My research interests include spoken language processing, natural language processing, multimedia information retrieval, machine learning, and pattern recognition. The research goal is to develop methods for analyzing, extracting, recognizing, indexing, and retrieving information from audio data, with special emphasis on speech and music.
In the field of speech, research has been focused mainly on speech recognition, speaker recognition, spoken language recognition, voice conversion, and spoken document retrieval/summarization. Our recent achievements include locally linear embedding-based approaches for voice conversion and post-filtering, discriminative autoencoders for speech/speaker recognition, and novel paragraph embedding methods for spoken document retrieval/summarization. Our ongoing research includes audio-visual speaker recognition and speech enhancement, subspace neural networks for spoken language/dialect/accent recognition, many-to-one/non-parallel voice conversion, and neural network-based spoken document retrieval/summarization and question answering.

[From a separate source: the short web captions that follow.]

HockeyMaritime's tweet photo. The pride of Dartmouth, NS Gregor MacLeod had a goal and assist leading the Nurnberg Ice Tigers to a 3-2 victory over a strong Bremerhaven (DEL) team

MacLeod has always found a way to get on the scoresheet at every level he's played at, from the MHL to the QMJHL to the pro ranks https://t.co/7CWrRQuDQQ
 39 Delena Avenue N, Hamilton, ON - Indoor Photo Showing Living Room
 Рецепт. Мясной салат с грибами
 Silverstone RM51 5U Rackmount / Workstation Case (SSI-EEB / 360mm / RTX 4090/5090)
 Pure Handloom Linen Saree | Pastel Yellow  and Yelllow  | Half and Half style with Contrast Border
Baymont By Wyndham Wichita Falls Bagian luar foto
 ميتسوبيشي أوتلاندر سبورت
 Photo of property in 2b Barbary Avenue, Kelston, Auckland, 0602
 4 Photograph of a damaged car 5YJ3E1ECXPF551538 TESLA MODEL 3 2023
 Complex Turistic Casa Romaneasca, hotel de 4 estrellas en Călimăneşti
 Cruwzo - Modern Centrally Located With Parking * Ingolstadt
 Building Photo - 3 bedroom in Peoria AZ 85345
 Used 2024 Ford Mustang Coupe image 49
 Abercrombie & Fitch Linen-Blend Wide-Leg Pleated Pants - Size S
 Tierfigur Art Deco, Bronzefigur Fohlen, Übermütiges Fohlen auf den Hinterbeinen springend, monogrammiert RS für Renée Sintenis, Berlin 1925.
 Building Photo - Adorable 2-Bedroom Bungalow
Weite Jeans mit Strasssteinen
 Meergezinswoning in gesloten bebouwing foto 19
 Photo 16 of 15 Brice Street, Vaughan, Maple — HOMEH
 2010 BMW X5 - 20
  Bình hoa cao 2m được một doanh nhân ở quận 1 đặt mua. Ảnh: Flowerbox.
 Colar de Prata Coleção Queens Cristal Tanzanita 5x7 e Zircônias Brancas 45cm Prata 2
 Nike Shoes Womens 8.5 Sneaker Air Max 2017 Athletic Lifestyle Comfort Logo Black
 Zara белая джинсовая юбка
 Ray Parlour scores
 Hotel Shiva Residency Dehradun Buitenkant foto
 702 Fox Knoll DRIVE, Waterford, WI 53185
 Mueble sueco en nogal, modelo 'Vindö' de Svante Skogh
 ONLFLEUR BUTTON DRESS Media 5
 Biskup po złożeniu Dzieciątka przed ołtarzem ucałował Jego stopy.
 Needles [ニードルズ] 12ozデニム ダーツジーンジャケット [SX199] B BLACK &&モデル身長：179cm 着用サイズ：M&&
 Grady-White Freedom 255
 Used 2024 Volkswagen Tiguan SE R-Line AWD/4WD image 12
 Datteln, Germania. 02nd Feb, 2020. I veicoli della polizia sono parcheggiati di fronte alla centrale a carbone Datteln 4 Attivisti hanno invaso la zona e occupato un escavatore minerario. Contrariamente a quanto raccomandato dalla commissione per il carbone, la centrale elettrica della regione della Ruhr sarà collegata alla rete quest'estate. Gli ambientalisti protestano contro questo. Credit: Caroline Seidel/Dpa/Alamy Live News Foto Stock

In the music field, research has been focused mainly on vocal melody extraction and automatic generation of music video. Our recent achievements in this field include an acoustic-phonetic F0 modeling framework for vocal melody extraction and an emotion-oriented pseudo song prediction and matching framework for automatic music video generation. We have successfully implemented a complete automatic music video generation system that can automatically edit a long user-generated video into a music-compliant short professional-like video. Our ongoing research includes continuous improvement of our own technologies and systems, cover song identification, and automatic generation of set list for concert video, so as to facilitate the management and retrieval of a large music database. Future research directions also include singing voice synthesis, speech to singing voice conversion, and music structure analysis/summarization.